Starligue

Cesson veut réussir sa mue

Alors que la future grande salle est en construction et entrera en fonction en cours de saison, Cesson est en reconstruction sportivement, avec un nouveau projet sportif, un nouvel entraîneur et un effectif remanié. Avec pour objectif à court terme de ne plus revivre des saisons compliquées comme la précédente.

On n’est peut-être pas venu le bon jour. C’est ce qu’on s’est dit mercredi dernier, quand on a vu Cesson-Rennes prendre l’eau à domicile en amical contre Chartres, club qui fait certes office de poids lourd en Proligue. Devant leur public venu nombreux (autour des 2/3 du Palais des sports rempli pour un match amical le 15 août, tout de même) découvrir les nouveaux joueurs et le nouvel entraîneur, les Cessonnais sont passés à côté, largués au score dès le début de la rencontre, accusant un retard maximal de quinze buts en deuxième période pour finalement s’incliner 18-31. « On a fait un non-match », reconnaît Allan Villeminot, qui rappelle au passage le gros travail physique qui lui et ses coéquipiers ont effectué depuis la reprise. Mais ce match a rappelé à beaucoup ces rencontres si ternes de la saison passée, pendant laquelle le CRMHB n’a gagné qu’une fois à domicile et a eu toutes les peines du monde à se maintenir. Bref, un exercice que tous essaient d’oublier.

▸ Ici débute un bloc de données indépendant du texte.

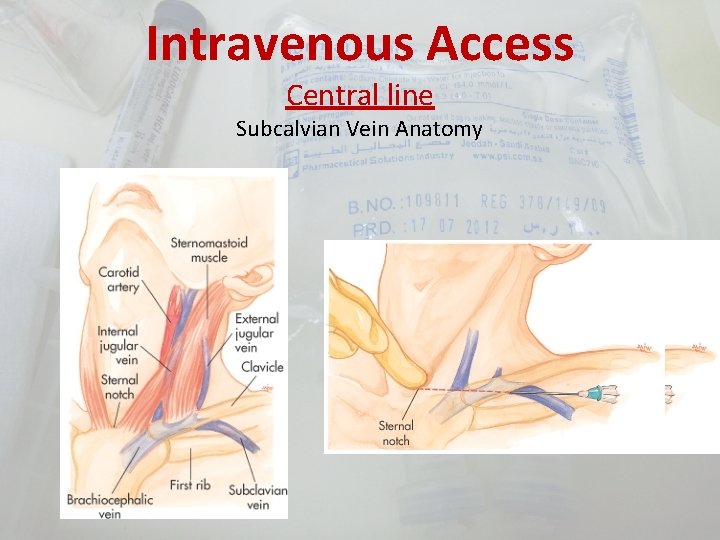 Intravenous Access Central line Subcalvian Vein Anatomy 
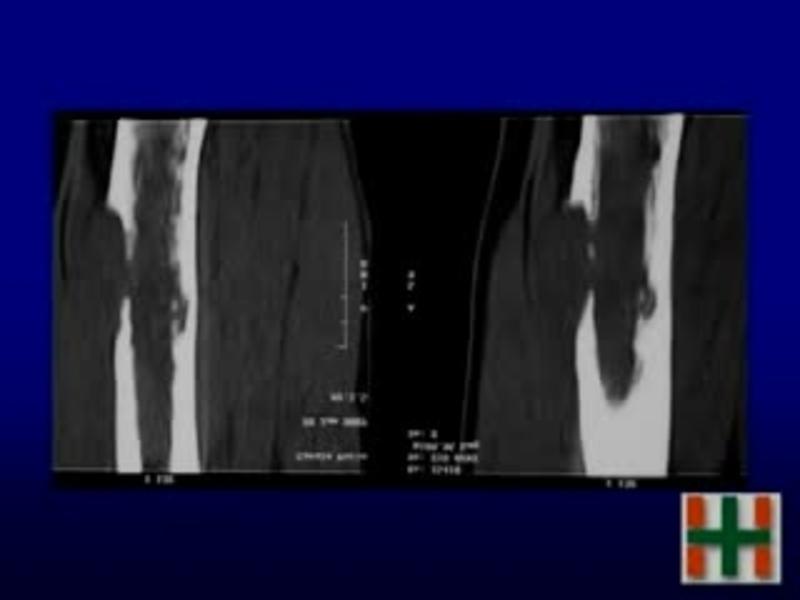 Diaphyseal femur tumor resection and intercalar allograft re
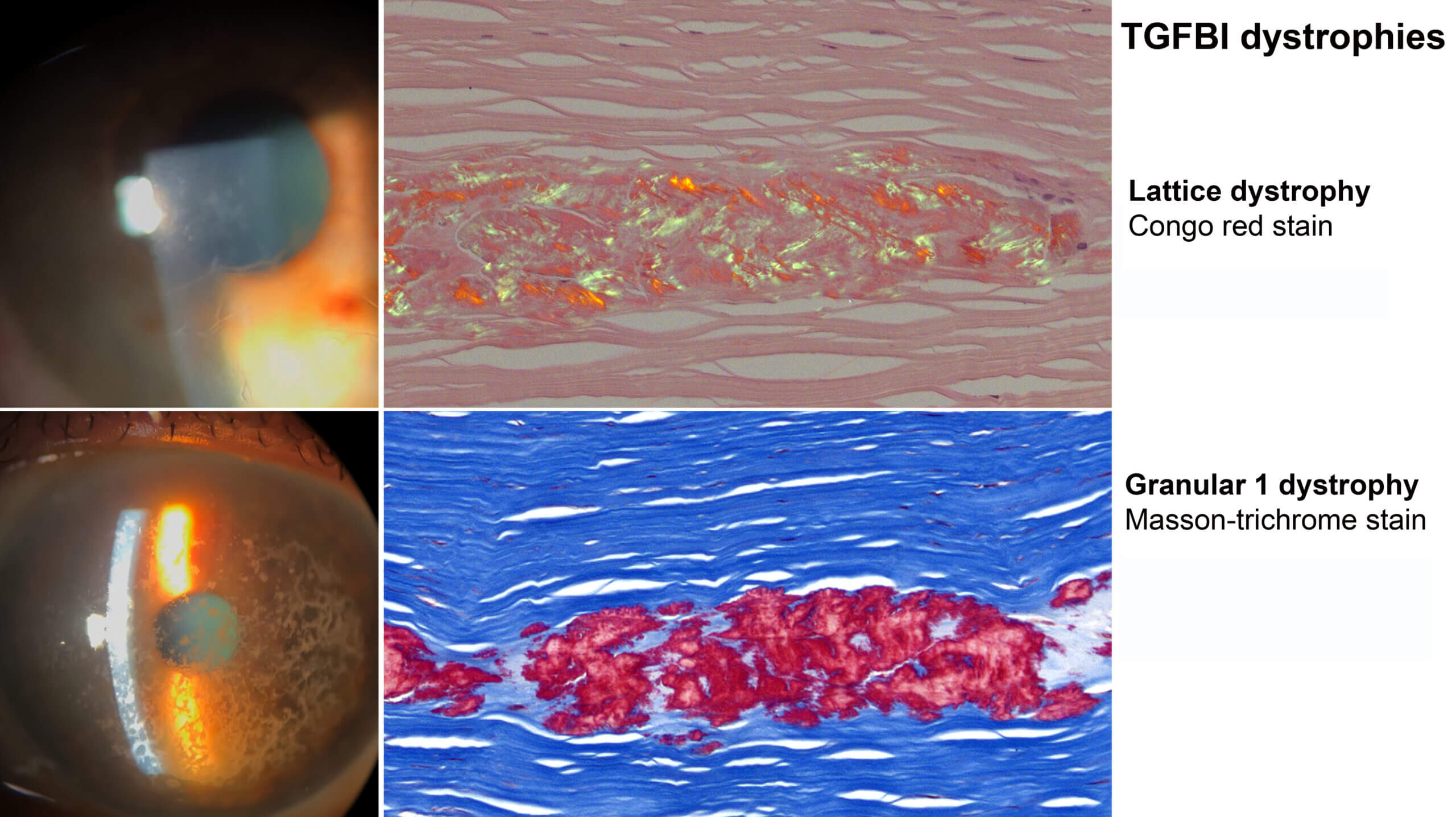 Tatyana Milman, MD, Ocular Pathology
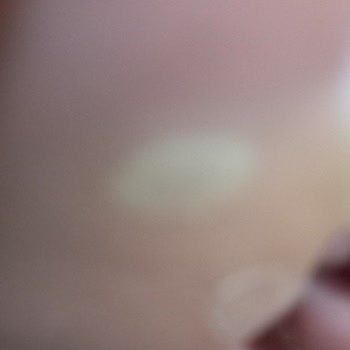 Skechers Sol Ayağımın Tabanının Su Toplanması!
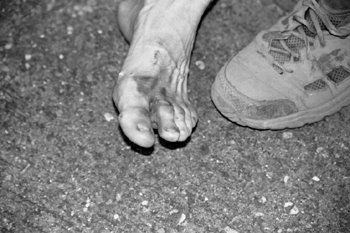 What does a one-day, 100-mile, trail run across the High Sierra do to your feet?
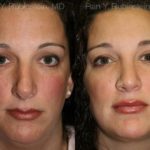 Revision Rhinoplasty Before and After Photos in Montvale, NJ, Patient 13002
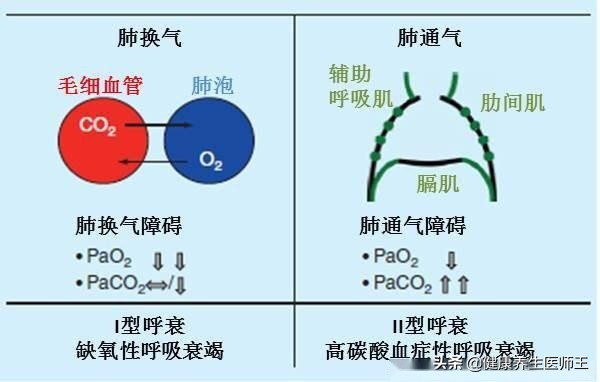 呼吸衰竭临终痛苦吗,i型呼吸衰竭的意思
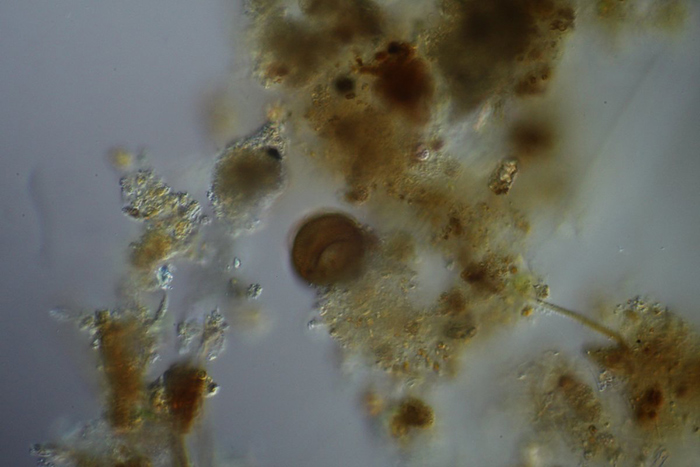 Test of Arcella sp.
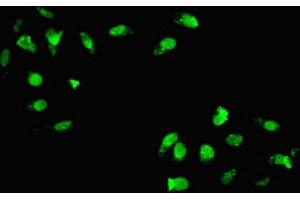 Immunofluorescent analysis of Hela cells using ABIN7155745 at dilution of 1:100 and Alexa Fluor 488-congugated AffiniPure Goat Anti-Rabbit IgG(H+L)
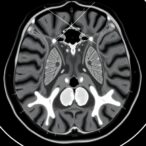 enhancing-pediatric-abdominal-mri-quality-with-deep-learning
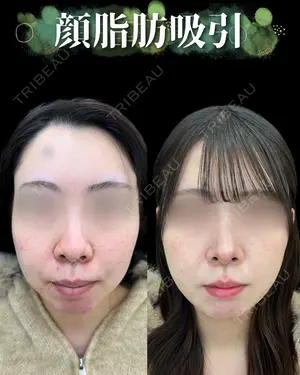 90 days after image
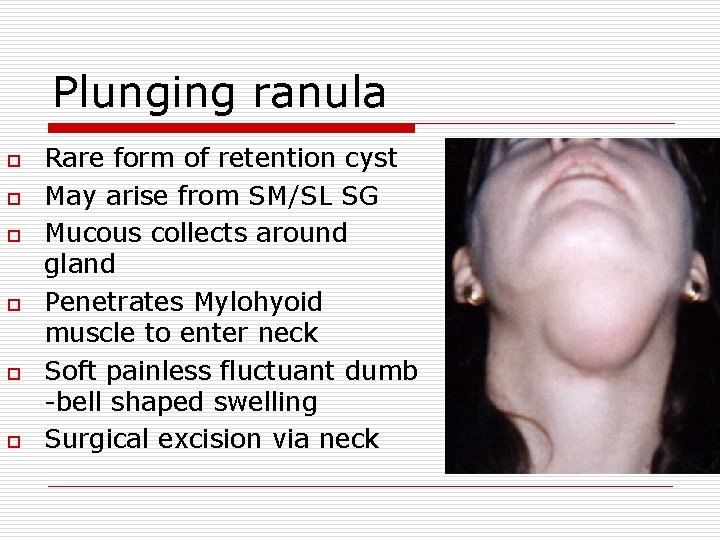 Plunging ranula o o o Rare form of retention cyst May arise from SM/SL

Christian Gaudin a pris ses marques

Pourtant, la préparation avait bien débuté. Christian Gaudin, fraîchement arrivé au poste d’entraîneur début juin avec un contrat de trois ans (ce qui rompt le particularisme cessonnais, qui avait fait signer des CDI à ses entraîneurs précédents), est d’ailleurs satisfait de ses premiers pas au club. « J’ai senti des gens très accueillants, un club bien organisé qui a envie d’aller de l’avant », explique-t-il. Partis rapidement en stage du côté de Limoges, les joueurs ont pu apprendre à se connaître et à connaître leur nouveau coach. « Je sens des joueurs très impliqués, très appliqués, concentrés dans le travail au quotidien », poursuit ce dernier. Ce début de préparation positif s’est bien poursuivi avec une prestation encourageante à Dunkerque où les Cessonnais se sont imposés (24-25). « Vu comme on a joué à Dunkerque, qui est une belle équipe, je pense que ce match contre Chartres était l’exception », positive ainsi Dominik Kalafut, la recrue allemande au poste de pivot, qui a découvert à cette occasion le Palais des sports où il a été difficilement trouvé par ses partenaires (1 but). « J’ai passé trois semaines et demi plutôt agréables au niveau du travail, reprend Christian Gaudin, aussi car ça s’est ponctué par une victoire à Dunkerque, avec quand même des inquiétudes après ce match. Elles se sont confirmées ce soir [mercredi dernier]. Je me disais qu’on avait déjà assimilé bien les choses, ça me paraissait un peu rapide… J’ai la confirmation qu’on a encore du travail ! » Le travail avance tout de même. Samedi, Cesson a retrouvé le chemin de la victoire face à Caen (Proligue, 27-22).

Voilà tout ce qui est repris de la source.